Mr. Speaker, I am not going to say much. His Excellency spoke to us as Parliamentarians and he said that we need to be well informed in order for us to give robust debates. The problem with us here in Parliament is we are not punctual, disciplined and there is a problem especially from Ministers that were appointed. Some do not even come here and we do not even know what they look like. We see them in the newspapers only. We need to see them here in order for us to talk to them. The reason why we can talk to these Ministers is so that when they talk to us, they lead by example that they have come here, we get understanding. If there is something we do not understand, we find a way of finding each other so that we can go out there and give the right message, but the problem is we play cat and mouse. There is always an excuse. Some Members of Parliament just come here to mark the register and walk out, which is short changing the general people out there who actually elected us to come here.
Mr. Speaker, I would like to encourage the Members of Parliament to try and be honest with themselves, to come on time, to be also well disciplined and to make sure that when we are debating we should not be like hooligans making noise in this House. We should be able to understand each other like what happened when His Excellency was here. Mr. Speaker, with those few words, I thank you.
ANNOUNCEMENT BY THE SPEAKER
ADVERSE AND NON- ADVERSE REPORTS RECEIVED
FROM THE PARLIAMENTARY LEGAL COMMITTEE
THE TEMPORARY SPEAKER (HON. MARUMAHOKO): I
have to inform the House that I have received the following from the
Parliamentary Legal Committee: Adverse report on the Shop Licence
Amendment Bill [H.B.10, 2016], Non- Adverse report on Statutory
Instrument 79, 80-85 and 87 published during the month of July, 2017, Non-Adverse report on General Notices 315439 published during the month of July, 2017 and the Adverse Report on Statutory Instrument 74 published during the month of July, 2017.
HON RUNGANI: I move that the debate do now adjourn.
HON. MUKWANGWARIWA: I second.
Motion put and agreed to.
Debate to resume: Tuesday, 26th September, 2017.

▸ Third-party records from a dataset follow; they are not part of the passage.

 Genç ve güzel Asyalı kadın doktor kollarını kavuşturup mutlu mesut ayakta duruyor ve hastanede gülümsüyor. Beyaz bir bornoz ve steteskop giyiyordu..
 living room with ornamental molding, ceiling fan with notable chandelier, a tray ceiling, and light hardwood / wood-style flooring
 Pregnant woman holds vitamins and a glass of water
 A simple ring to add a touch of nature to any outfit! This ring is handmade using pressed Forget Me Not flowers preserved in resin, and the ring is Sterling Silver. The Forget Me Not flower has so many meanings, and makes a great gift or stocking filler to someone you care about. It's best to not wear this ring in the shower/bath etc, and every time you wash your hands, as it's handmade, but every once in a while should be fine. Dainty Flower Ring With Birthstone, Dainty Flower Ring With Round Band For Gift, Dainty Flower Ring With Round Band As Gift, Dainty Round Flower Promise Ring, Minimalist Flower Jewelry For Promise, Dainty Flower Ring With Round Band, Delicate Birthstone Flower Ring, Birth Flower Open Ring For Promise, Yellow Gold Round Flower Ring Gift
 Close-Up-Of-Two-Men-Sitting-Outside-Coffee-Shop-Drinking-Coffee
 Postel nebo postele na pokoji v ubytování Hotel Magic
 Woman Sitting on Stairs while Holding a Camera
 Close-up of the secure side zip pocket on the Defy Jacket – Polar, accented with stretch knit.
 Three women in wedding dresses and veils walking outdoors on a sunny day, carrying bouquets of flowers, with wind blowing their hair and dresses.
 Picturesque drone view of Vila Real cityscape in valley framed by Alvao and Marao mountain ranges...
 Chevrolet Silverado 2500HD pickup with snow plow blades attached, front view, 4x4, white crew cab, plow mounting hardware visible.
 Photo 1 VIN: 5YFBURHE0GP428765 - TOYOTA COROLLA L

RESTORATION OF THE MOTION ON PROMOTION OF FAIR
REGIONAL AND GENDER REPRESENTATION IN THE AWARD
OF TENDERS ON THE ORDER PAPER
HON. MISIHAIRABWI-MUSHONGA: I move the motion
standing in my name that the motion on Fair Regional Representation which was superseded by the end of the Fourth Session of the Eighth Parliament be restored on the Order Paper in terms of Standing Order No. 73.
HON. MARIDADI: I second.
Motion put and agreed to.
ADJOURNMENT OF THE HOUSE
HON. RUNGANI: I move that the House do now adjourn.
HON. MUKWANGWARIWA: I second.
Hon. Adv. Chamisa having stood up to debate.
THE TEMPORARY SPEAKER: Order, order please. May you resume your seat? I have asked whether you were in agreement but you were seated until I stood up. I cannot reverse that.
Motion put and agreed to.
The National Assembly adjourned at Half past Three o’clock p.m.
until Tuesday, 26th September, 2017.